Monday, Sep. 29, 1947
Bucky & Burt
Boss Larry MacPhail, who had wisely kept his nose out of the New York Yankees' locker room all season, rushed in to join the celebration. His Yankees had just clinched the 1947 American League pennant, and were having themselves a time.
Everybody was swapping congratulations. Somebody dropped a dead mouse down somebody's back. Said solemn Joe DiMaggio, veteran of seven World Series: "These celebrations are all alike--but I can stand them." Outside of Joe DiMaggio, the quietest fellow in all the champagne-splashing was the man who did most to win the pennant--Manager Stanley Raymond ("Bucky") Harris.
Across the river, in Brooklyn, the Dodgers hopefully sold out all the reserved seats in Ebbets Field for the World Series, but had to postpone celebrating so long as the St. Louis Cardinals had a slim mathematical chance of tying them. At Ebbets Field, as in Yankee Stadium, the spotlight had to seek out the manager. Baseball's winning managers, 1947 style, were a long way from the loudmouth, whoop & holler style of Leo (The Lip) Durocher.
An Ear for Beefs. Bucky Harris' performance, in his first season as Yankee manager, was a classical study in human relations. At 50, his long string of failures after a smashing initial success (as the "boy manager" of the 1924 Washington Senators) had given Bucky a special understanding of athletes and their failings. He never bawled a player out. His theory: a pat on the back is worth two pep talks. He took a talented but out-of-sorts team, listened to all the complaints, took the players' side in any beef with the front office. Once, when a Yankee pitcher was called on the mat for openly betting on the horses, Bucky piped up with, "So what ... I'd bet too, if I thought a tip was any good." If he had any fault, it was his reluctance to yank pitchers when the going got rough. But his patience worked wonders with Joe Page, a relief pitcher with an inferiority complex who did more than any player--aside from DiMaggio--to bring the Yankees their 14th pennant in 27 years.

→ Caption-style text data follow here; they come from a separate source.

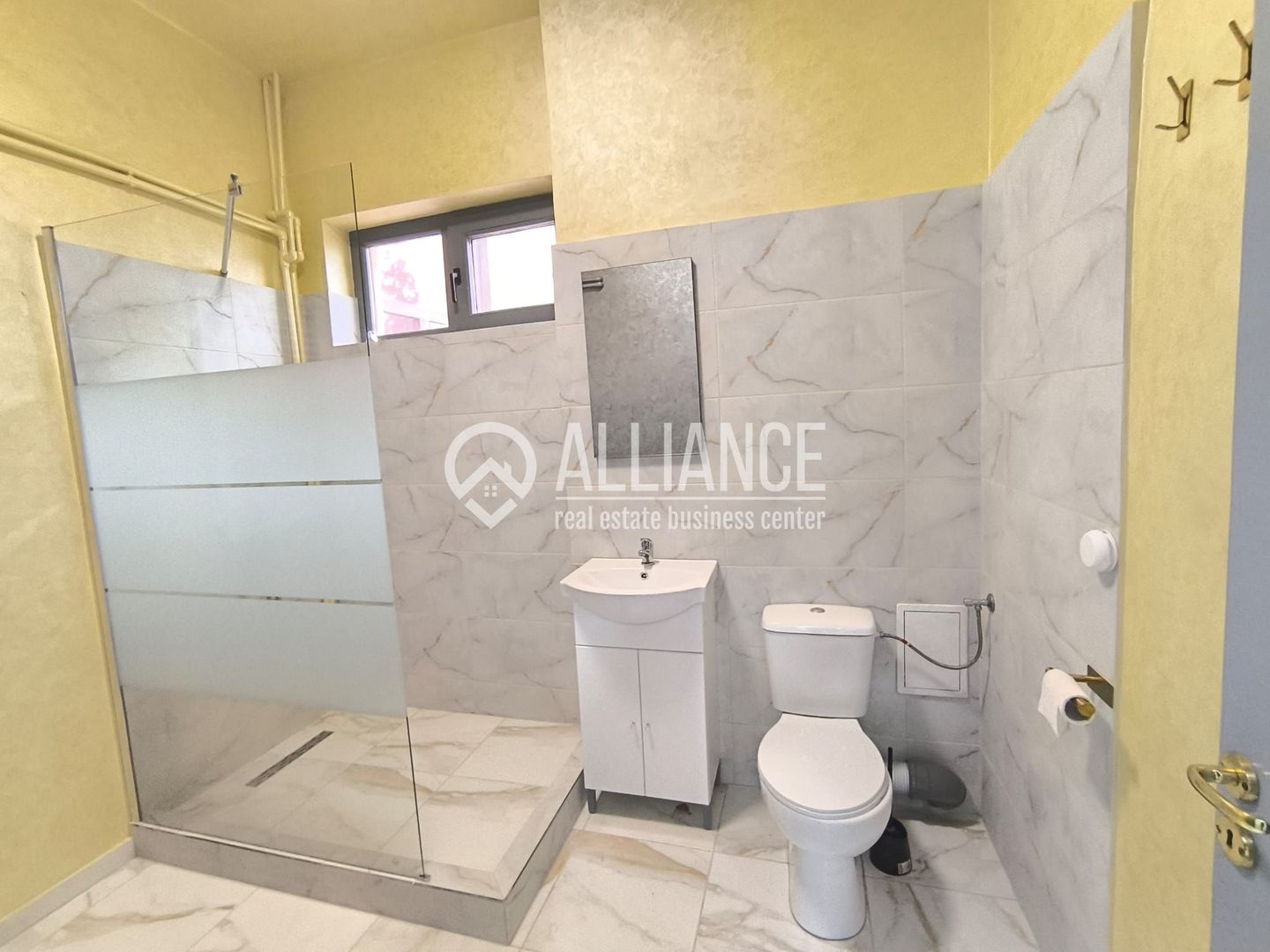 Capitol Bulevardul Mamaia Vila D+2E+M - Poză 18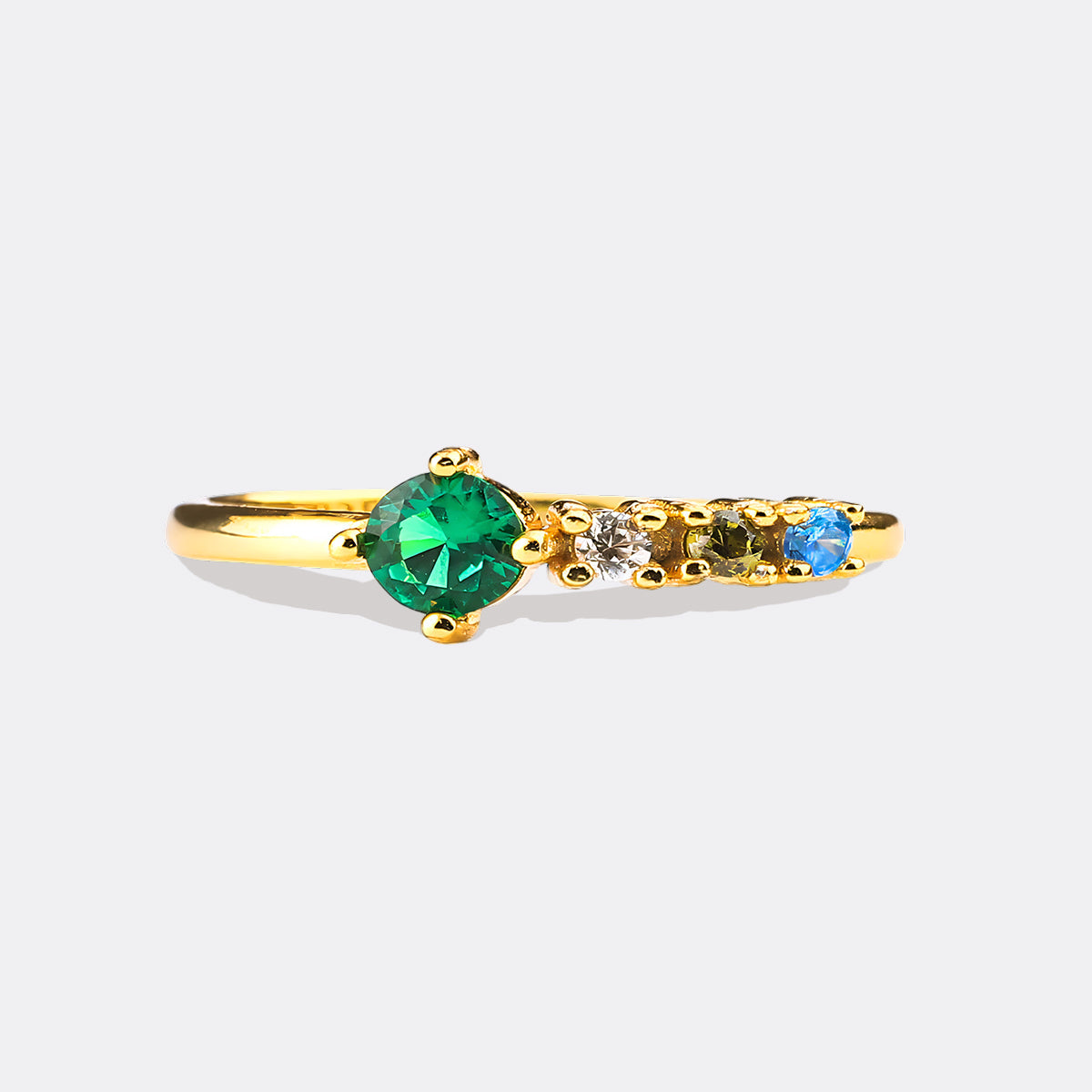 Anillo con piedras de nacimiento familiares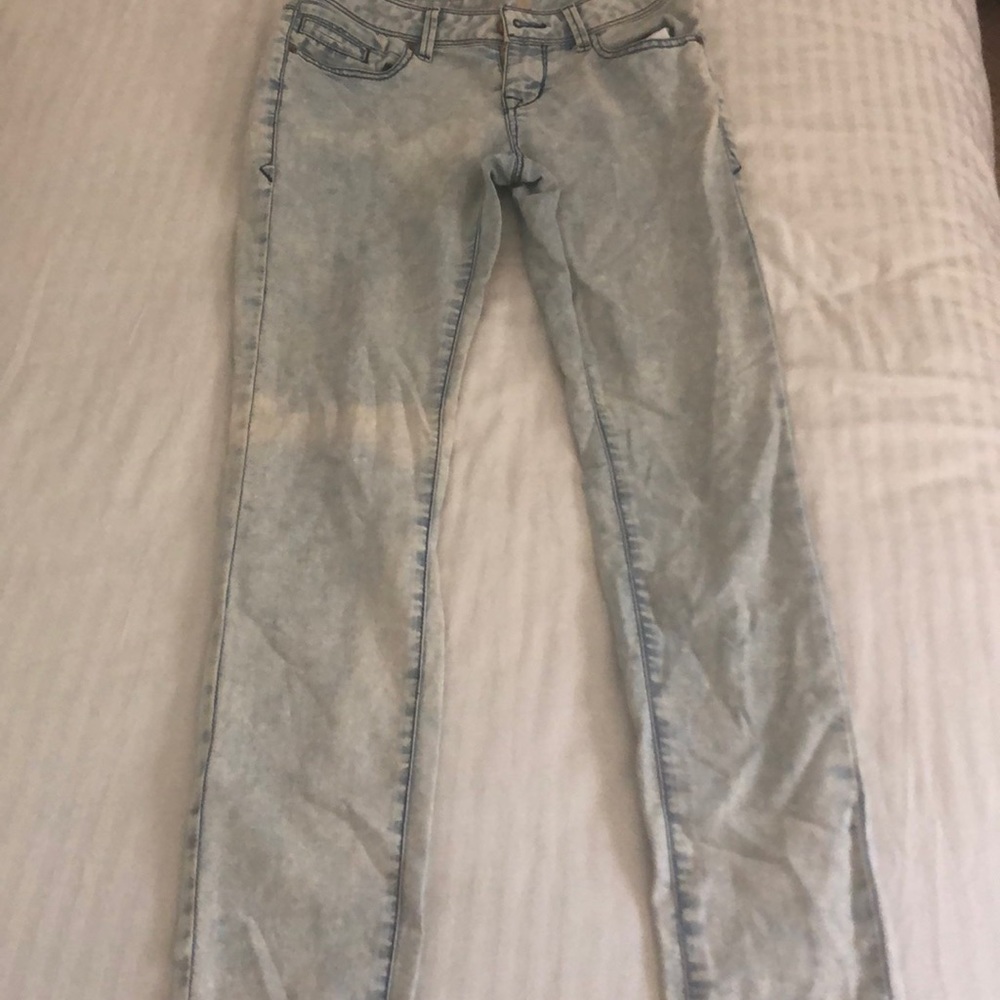 American Rag “super skinny” acid washed jeans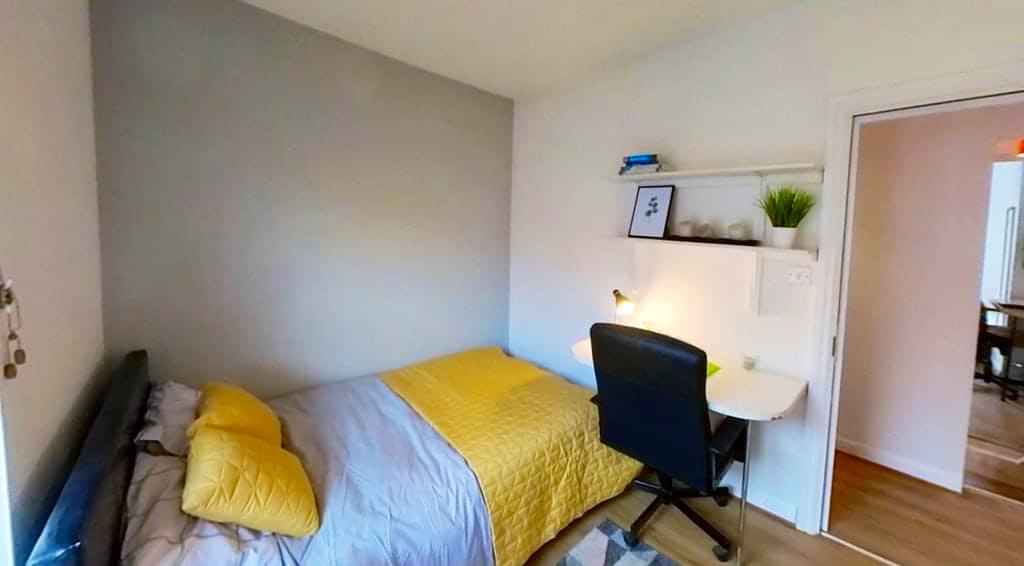 Common Area?w=400&h=260&fit=crop&q=40&auto=format&trim=auto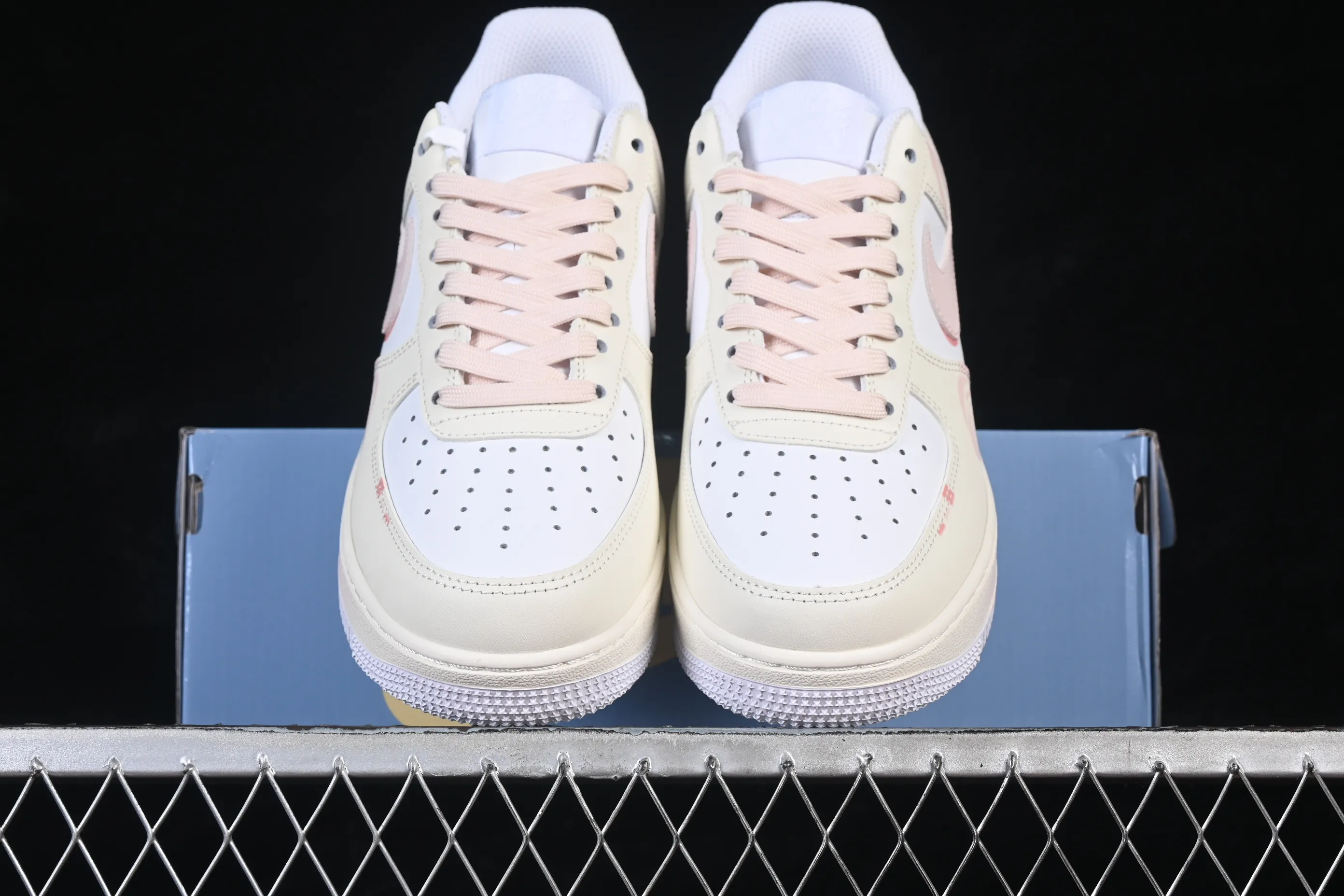 All categories Nk Air Force 1 Air Force series Nk Air Force 1 Low Air Force low-top Nike Air Force 1'07 Low Two-dimensional theme Rose Kiss Air Force 1 low-top casual sneakers ZH0316-150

An Eye for Retreads. Brooklyn's fatherly Manager Burt Shotton, 62, is a man who had known failures too. A few years ago, hot-tempered fans booed his third-base coaching at Cleveland. He and Bucky had both sunk as low as anyone could in the big leagues: both had suffered as managers of the lowly Philadelphia Phillies. Both had been demoted to the minors and then bounced back. Burt's workaday formula is the same as Bucky's. Says Burt: "When a guy does something wrong, that's no time to get on him. That's the time to build him up."
Burt had reclaimed talent beaten down last year by Leo the Lip's rough & ready handling. He helped Outfielder Gene Hermanski renew his self-confidence, and had him fielding better, hitting 83 percentage points higher than last year. When Pitcher Hank Behrman was sold to Pittsburgh and flopped, Manager Burt was the first to say, "We can use him"-- and made a serviceable retread out of him.
Those who remembered Burt Shotton as a conservative manager were surprised at some of his stratagems this season. He yanked out pitchers as quickly as Durocher ever did, gambled on hitting when "strictly by the book" a bunt was called for. It took a gambler to start a pitcher in the first game of a doubleheader, then use him as relief in the second game. Two Dodger pitchers--Joe Hatten and Ralph Branca--were sent in to try the stunt this season, and both won two games the same afternoon.
The nation's sport pages last week were full of long tables comparing Dodger and Yankee pitching and batting averages. The Yankees came out better--on paper. The oddsmakers made the Yankees a top-heavy 17-10 Series favorite. The Dodgers' uncanny talent for winning the games they shouldn't win is what Brooklyn's Burt Shotton is counting on. Says he: "Mostly, we got to nurse a couple of runs around, one at a time."